Yesterday, I was driving home from 4:00pm Sunday Mass when it occurred to me that all I’d had up to that point was most of a 15-oz. mug of coffee with cream. When I got home and my brother and I discussed dinner plans—Ted planned to stop at Five Guys’ while running an errand—I said, “Don’t even worry about the calories; I’ve got most of my budget still available.” Then, as I was doing some things around the house, I thought briefly of setting the weight-loss program on the back burner. At times like this, you starve yourself out of absent-mindedness half the time and gorge yourself silly the other half. As well, we’re an Irish family; the alcohol will come out at some point.

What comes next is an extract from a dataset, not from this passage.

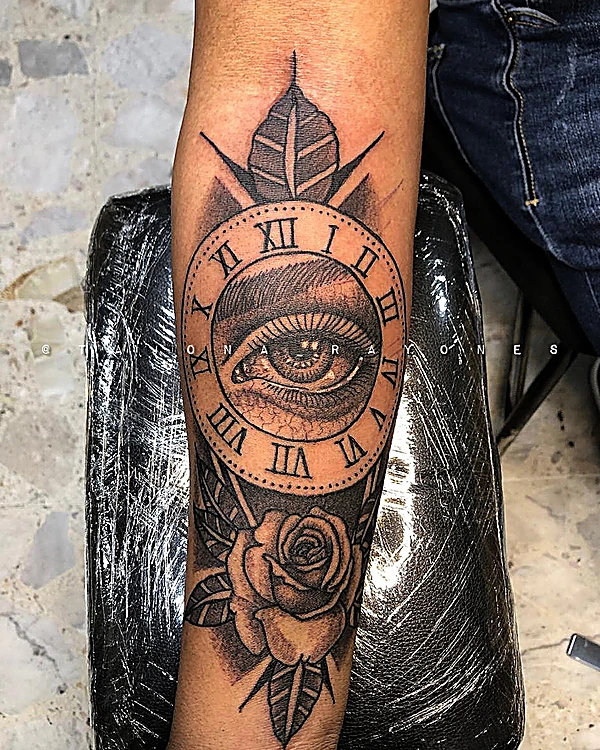 Reloj con números romanos, un ojo al centro y una rosa, en el antebrazo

But as I considered it, I thought of the many times over the last six months that my mother has said how much better I was looking and how proud she was that I was doing so well. And I can’t do it—I can’t just set the program aside, not even for one week. She would want me to keep plugging away, even through the sorrow that must eventually come. Food doesn’t love. Food doesn’t comfort. Part of this exercise is learning to take comfort and find satisfaction in ways other than by stuffing my belly. That includes when I lose the people I love.

I can’t promise there will be an update next week. The last act could be hours away, or it could be days away. And if our experience with my younger brother’s passing is any guide, it will probably be several days after Mom’s death before the coroner releases her body for (ugh) “final disposal.” And, after everyone else has gone home, I’ll have to find a way to get back on my own feet and build a new life not based on caring for someone who’s ill.

But when I started writing this post, purely on a whim, I had Alexa put on “Ob-La-Di, Ob-La-Dah” by The Beatles. Life will go on. I’ll grieve; I’ll miss Mom for the rest of my own life, just as I miss Dad, Bob, my two uncles Jim, my aunt Pat, and my grandmothers (I never really knew my grandfathers). However, I don’t think God’s done with me yet. There are still things to do, to see, and to say. And there’s still 75 pounds left to lose.

So if I’m not back next Monday, look for me the Monday after that.